**Work order**.
All of the entries should be restated word for word, but without their pictures.

☆ ☆ ☆ ☆ ☆ ☆ ☆

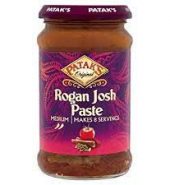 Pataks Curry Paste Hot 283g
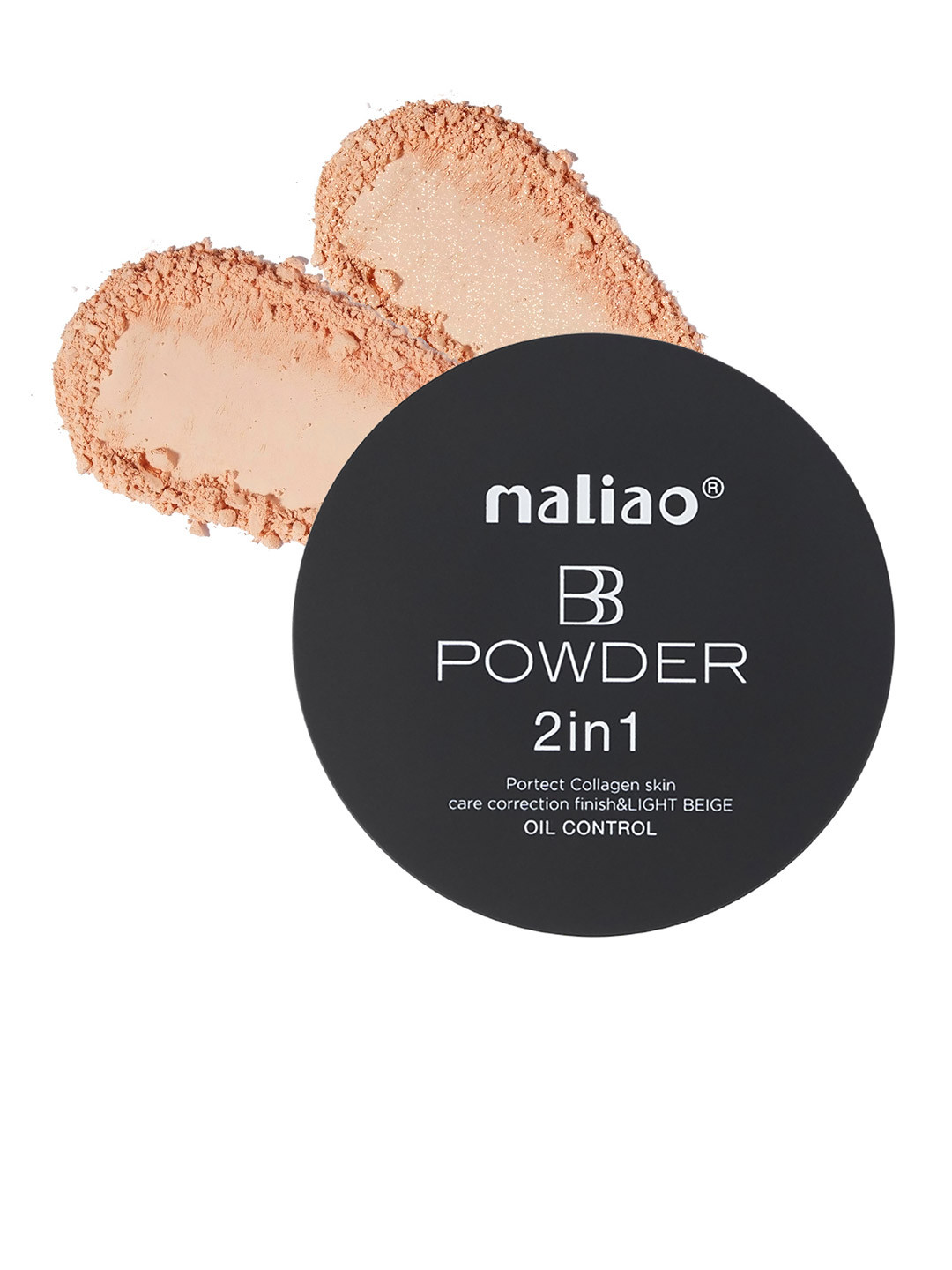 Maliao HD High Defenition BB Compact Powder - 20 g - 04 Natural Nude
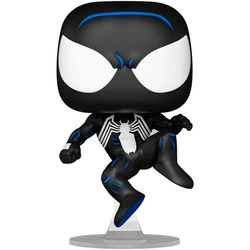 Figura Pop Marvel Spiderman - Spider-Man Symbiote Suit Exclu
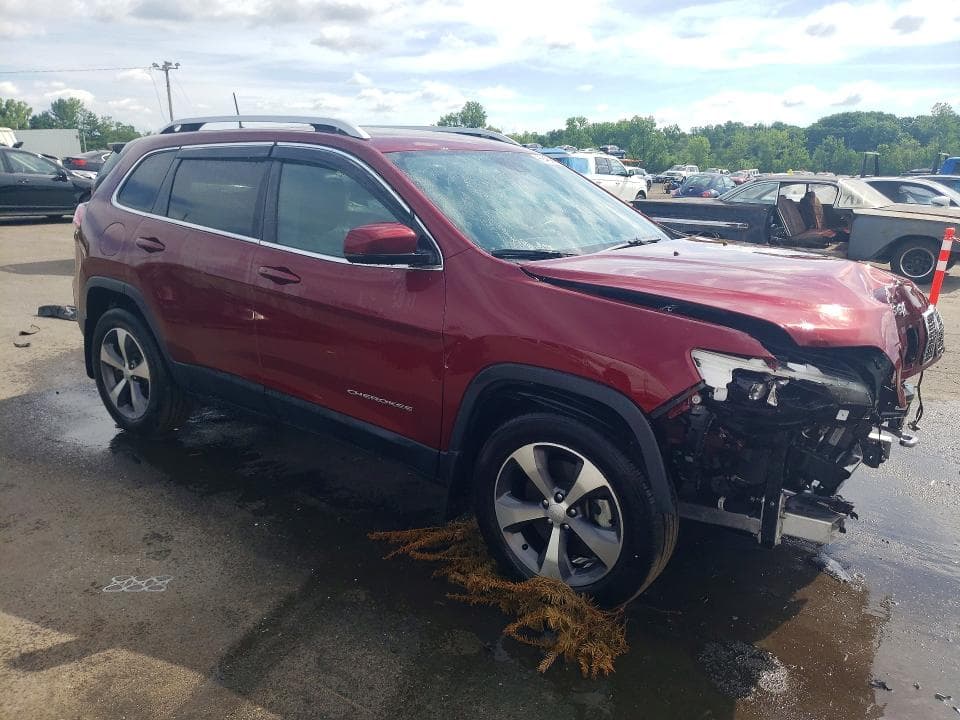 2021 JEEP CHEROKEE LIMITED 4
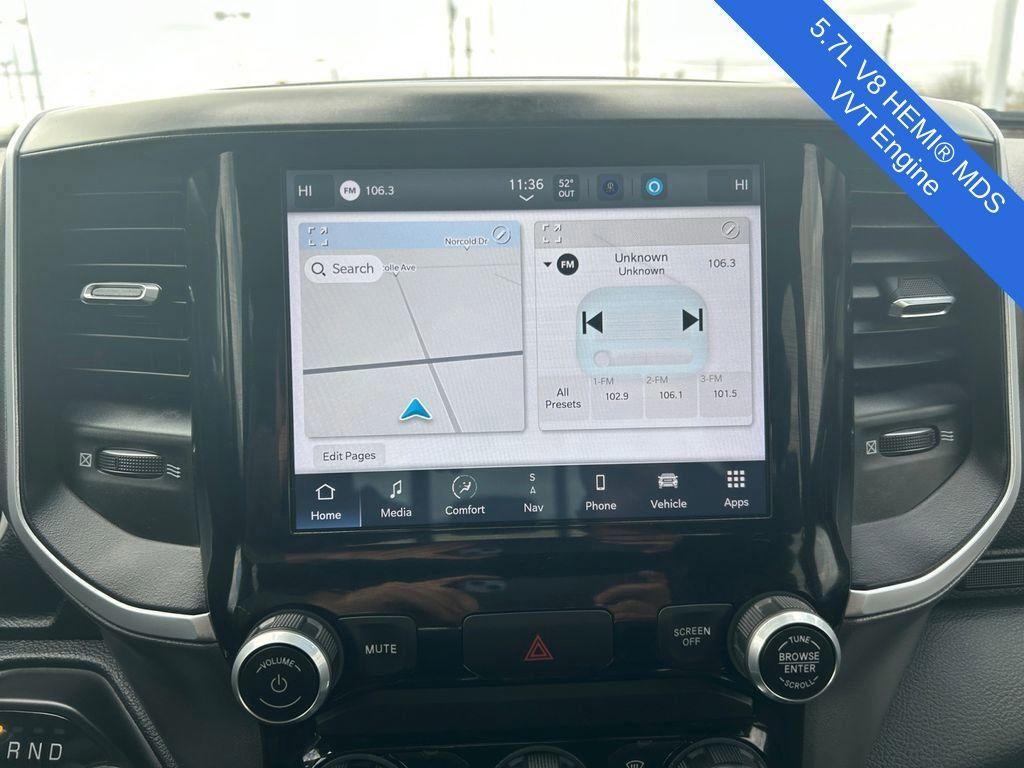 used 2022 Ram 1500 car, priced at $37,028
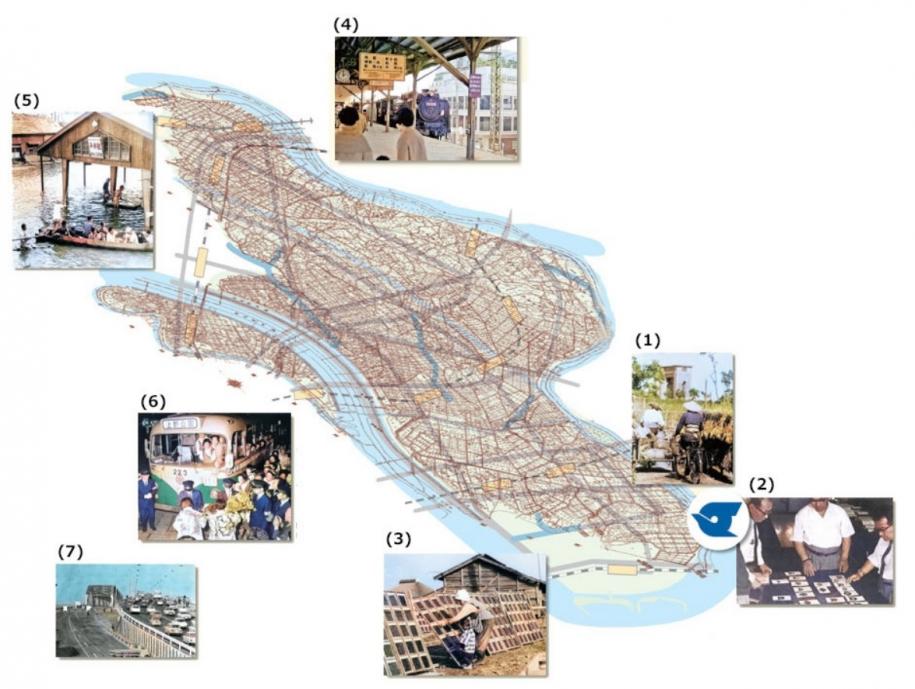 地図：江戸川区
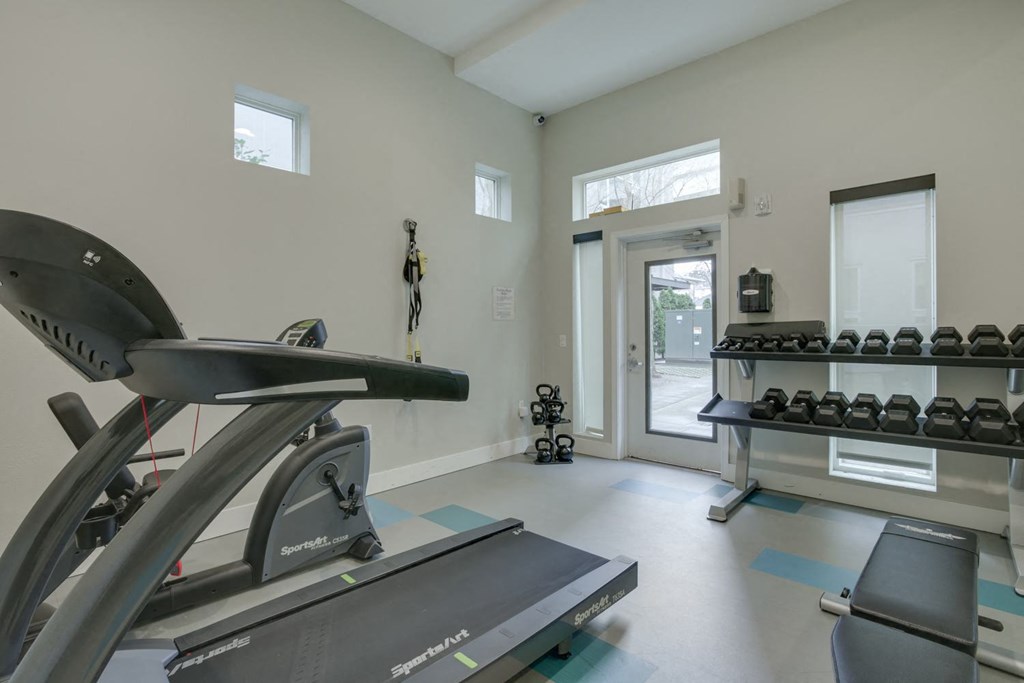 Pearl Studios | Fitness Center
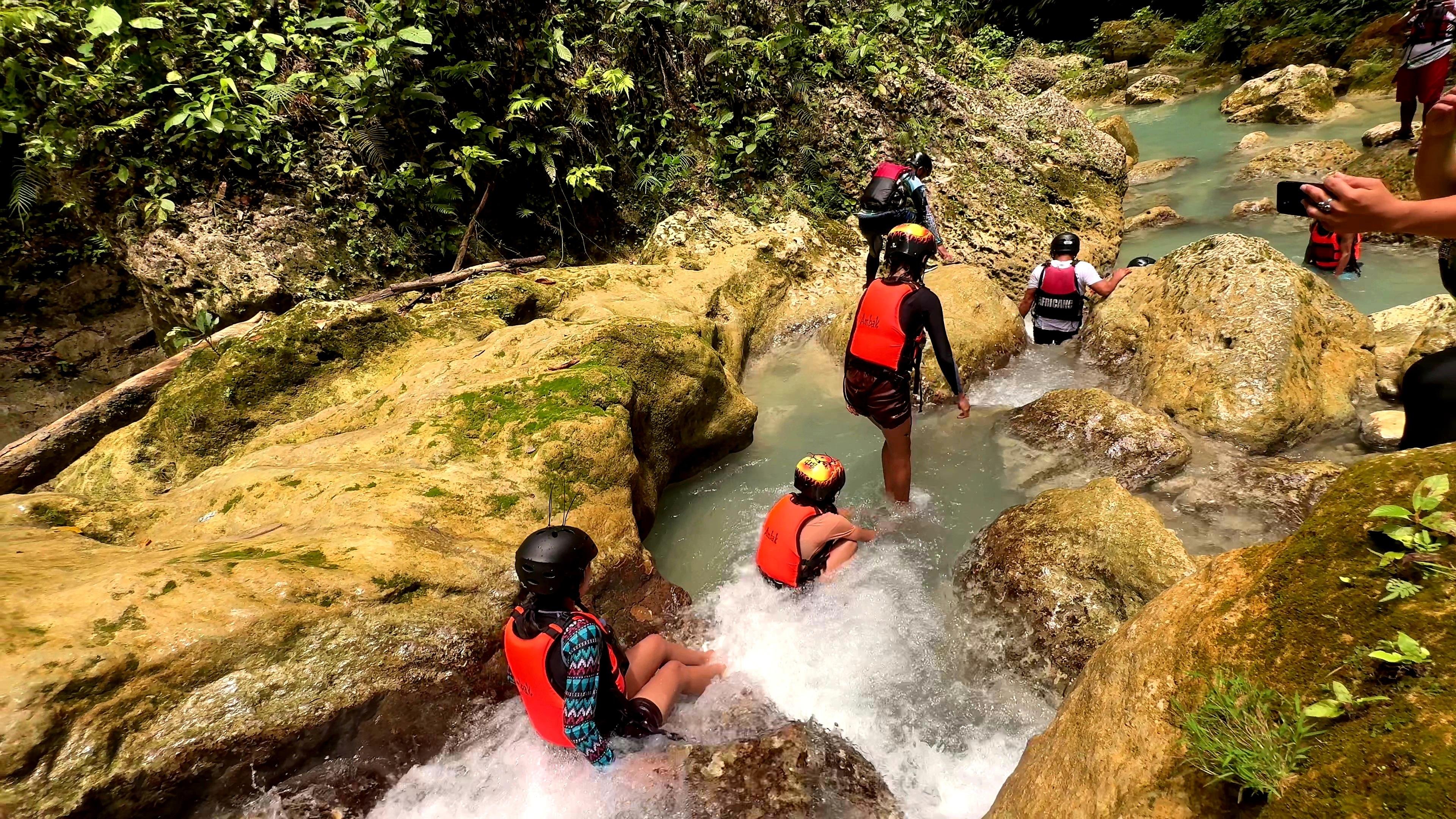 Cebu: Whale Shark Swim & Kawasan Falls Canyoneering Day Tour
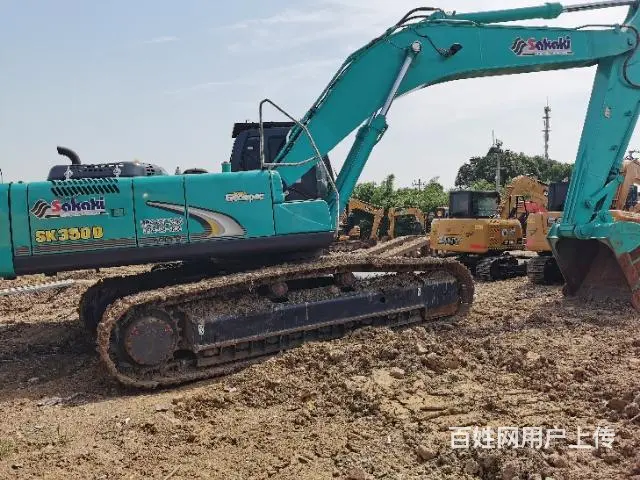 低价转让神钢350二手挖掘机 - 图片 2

☆ ☆ ☆ ☆ ☆ ☆ ☆

**Output for this task**.
 Pataks Curry Paste Hot 283g
 Maliao HD High Defenition BB Compact Powder - 20 g - 04 Natural Nude
 Figura Pop Marvel Spiderman - Spider-Man Symbiote Suit Exclu
 2021 JEEP CHEROKEE LIMITED 4
 used 2022 Ram 1500 car, priced at $37,028
 地図：江戸川区
 Pearl Studios | Fitness Center
 Cebu: Whale Shark Swim & Kawasan Falls Canyoneering Day Tour
 低价转让神钢350二手挖掘机 - 图片 2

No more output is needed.